Raoni falou sobre os interesses econômicos na extração de recursos naturais, que podem inviabilizar a vida no planeta. “Nunca concordei com desmatamento, com extração de madeira, minério e ouro, e me preocupo que o homem branco continue fazendo esse tipo de atividade. Se esse trabalho continuar, podemos ter sérios problemas no mundo”.
O presidente Lula, por sua vez, afirmou que o Brasil ainda está em construção e que a luta pelos direitos dos povos indígenas, quilombolas e trabalhadores rurais ainda não foi resolvida. Criticou os setores contrários às demarcações de terras indígenas no país e afirmou que seus governos foram os que mais ampliaram a destinação de terras aos povos originários.
“É importante lembrar que os conservadores brasileiros, os latifundiários brasileiros, aqueles que são contra a participação do povo, costumam dizer que o povo indígena já tem muita terra no Brasil, que tem 14% do território nacional.
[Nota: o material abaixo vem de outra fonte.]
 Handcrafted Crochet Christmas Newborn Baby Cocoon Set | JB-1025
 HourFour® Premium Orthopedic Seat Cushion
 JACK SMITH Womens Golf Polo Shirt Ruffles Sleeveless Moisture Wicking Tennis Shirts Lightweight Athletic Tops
Todos os dias eles falam isso. O que eles não percebem é que os indígenas têm 14% demarcada hoje, mas quando os portugueses chegaram aqui, em 1500, eles tinham 8,5 milhões de quilômetros quadrados, era tudo deles. Então, o fato de terem 14% legalizados é pouco diante do que eles precisam ter para viver, manter a sua cultura e o seu jeito de viver. Tenho certeza absoluta que o nosso governo é o que mais demarcou terra indígena e vai continuar demarcando terras indígenas e parques nacionais, para evitar o desmatamento”.
Também estiveram presentes na comitiva as ministras dos Povos Indígenas, Sonia Guajajara, e do Meio Ambiente, Marina Silva, além da presidente da Funai, Joênia Wapichana, do governador do Pará, Helder Barbalho, e várias lideranças indígenas, incluindo Davi Kopenawa, xamã e líder dos yanomamis.
“Todo o trabalho que os povos indígenas fazem não é uma agenda localizada, é uma agenda global, uma agenda climática, em defesa das florestas tropicais e do bem-viver no planeta. É um pacto pelo futuro, um pacto pela vida”, destacou a ministra Sônia Guajajara.
O presidente Emmanuel Macron destacou, ao final do encontro, que os dois governos planejam construir uma unidade de conservação binacional que se estenderia entre o Brasil e a Guiana Francesa (território ultramarino francês que faz fronteira com o Amapá), tornando-se um centro de referência em pesquisas científicas para o desenvolvimento sustentável. Segundo o francês, ambos os países investirão US$ 2 bilhões.
Por meio de uma declaração intitulada “Chamado Brasil-França à ambição climática de Paris a Belém e além”, os países manifestaram o compromisso conjunto de combate ao desmatamento, proteção da Amazônia, restauração e gestão sustentável de florestas tropicais, e desenvolvimento da bioeconomia, incluindo “mecanismos inovadores de financiamento”.
Na chegada a Belém, Lula e Macron foram, em um barco da Marinha, para a Ilha do Combu, na margem sul do Rio Guamá. O trajeto incluiu a travessia do rio e a navegação por uma área de igarapés, onde os dois líderes puderam ter contato com a Floresta Amazônica preservada.
Antes da reunião com indígenas, eles ainda acompanharam um exemplo de produção artesanal de cacau e chocolate na região. A ideia, segundo o Palácio do Itamaraty, foi mostrar ao presidente francês a complexidade da questão amazônica e as alternativas de desenvolvimento econômico sustentável que existem.
Na próxima etapa da viagem, Lula e Macron inauguram, na manhã desta quarta-feira (27), o novo submarino brasileiro construído no Complexo Naval de Itaguaí, por meio de um acordo de cooperação tecnológica com a França.